Feitas as primeiras declarações, o juiz mandará citar, para os termos do inventário e da partilha, o cônjuge, o companheiro, os herdeiros, os legatários, a Fazenda Pública, o Ministério Público, se houver herdeiro incapaz ou ausente, e o testamenteiro, se o finado deixou testamento.
§ 1º
Serão citados conforme o disposto no art. 204, o cônjuge ou o companheiro, o herdeiro e o legatário. Frustrada a citação das pessoas domiciliadas na comarca onde corre o inventário, estas serão citadas na forma dos arts. 206 e 213, e por edital, com prazo de vinte dias a dois meses, todas as demais residentes no Brasil como no estrangeiro.
§ 2º
Das primeiras declarações extrair-se-ão tantas cópias quantas forem as partes.
§ 3º
A citação será acompanhada de cópia das primeiras declarações.
§ 4º
Incumbe ao escrivão remeter cópias à Fazenda Pública, ao Ministério Público, ao testamenteiro, se houver, e ao advogado, se a parte já estiver representada nos autos.
Art. 568.
Concluídas as citações, abrir-se-á vista às partes, em cartório e pelo prazo comum de dez dias, para se manifestarem sobre as primeiras declarações.

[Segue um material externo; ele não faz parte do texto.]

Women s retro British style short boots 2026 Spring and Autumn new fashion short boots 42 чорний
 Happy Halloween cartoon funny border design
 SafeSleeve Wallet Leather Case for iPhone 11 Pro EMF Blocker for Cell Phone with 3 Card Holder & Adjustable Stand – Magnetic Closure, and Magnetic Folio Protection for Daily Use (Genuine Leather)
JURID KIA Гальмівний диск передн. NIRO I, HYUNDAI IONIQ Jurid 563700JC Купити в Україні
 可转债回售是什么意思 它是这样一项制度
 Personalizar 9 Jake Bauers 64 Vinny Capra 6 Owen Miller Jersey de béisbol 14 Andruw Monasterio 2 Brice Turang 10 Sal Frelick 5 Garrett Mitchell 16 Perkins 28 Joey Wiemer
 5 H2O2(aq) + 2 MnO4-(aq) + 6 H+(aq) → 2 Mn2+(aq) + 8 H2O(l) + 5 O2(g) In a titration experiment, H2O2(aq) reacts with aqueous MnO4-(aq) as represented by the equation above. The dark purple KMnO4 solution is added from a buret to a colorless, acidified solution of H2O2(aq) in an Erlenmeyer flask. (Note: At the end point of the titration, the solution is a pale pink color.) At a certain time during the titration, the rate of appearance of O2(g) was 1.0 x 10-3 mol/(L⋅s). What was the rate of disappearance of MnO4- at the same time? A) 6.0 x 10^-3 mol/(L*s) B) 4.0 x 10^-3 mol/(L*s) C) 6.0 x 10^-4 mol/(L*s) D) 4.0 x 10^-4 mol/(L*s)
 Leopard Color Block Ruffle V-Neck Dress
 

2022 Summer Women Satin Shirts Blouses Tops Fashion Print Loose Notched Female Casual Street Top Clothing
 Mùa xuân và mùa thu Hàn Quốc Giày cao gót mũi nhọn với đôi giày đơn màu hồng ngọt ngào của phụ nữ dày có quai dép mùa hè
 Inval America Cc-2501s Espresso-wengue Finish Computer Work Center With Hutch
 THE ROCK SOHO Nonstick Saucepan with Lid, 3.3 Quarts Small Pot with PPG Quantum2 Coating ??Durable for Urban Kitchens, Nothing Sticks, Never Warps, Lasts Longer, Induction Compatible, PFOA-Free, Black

Cabe à parte:
I - arguir erros, omissões e sonegações de bens;
II - reclamar contra a nomeação do inventariante;
III - contestar a qualidade de quem foi incluído no título de herdeiro.
§ 1º
Julgando procedente a impugnação referida no inciso I, o juiz mandará retificar as primeiras declarações.
§ 2º
Se acolher o pedido de que trata o inciso II, o juiz nomeará outro inventariante, observada a preferência legal.
§ 3º
Verificando que a disputa sobre a qualidade de herdeiro a que alude o inciso III demanda produção de provas que não a documental, o juiz remeterá a parte para os meios ordinários e sobrestará, até o julgamento da ação, a entrega do quinhão que na partilha couber ao herdeiro admitido.
Art. 569.
Aquele que se julgar preterido poderá demandar a sua admissão no inventário, requerendo-o antes da partilha.
§ 1º
Ouvidas as partes no prazo de dez dias, o juiz decidirá.
§ 2º
Se para solução da questão for necessária a produção de provas que não a documental, remeterá o requerente para os meios ordinários, mandando reservar, em poder do inventariante, o quinhão do herdeiro excluído até que se decida o litígio.
Art. 570.
A Fazenda Pública, no prazo de vinte dias, após a vista de que trata o art. 568, informará ao juízo, de acordo com os dados que constam de seu cadastro imobiliário, o valor dos bens de raiz descritos nas primeiras declarações.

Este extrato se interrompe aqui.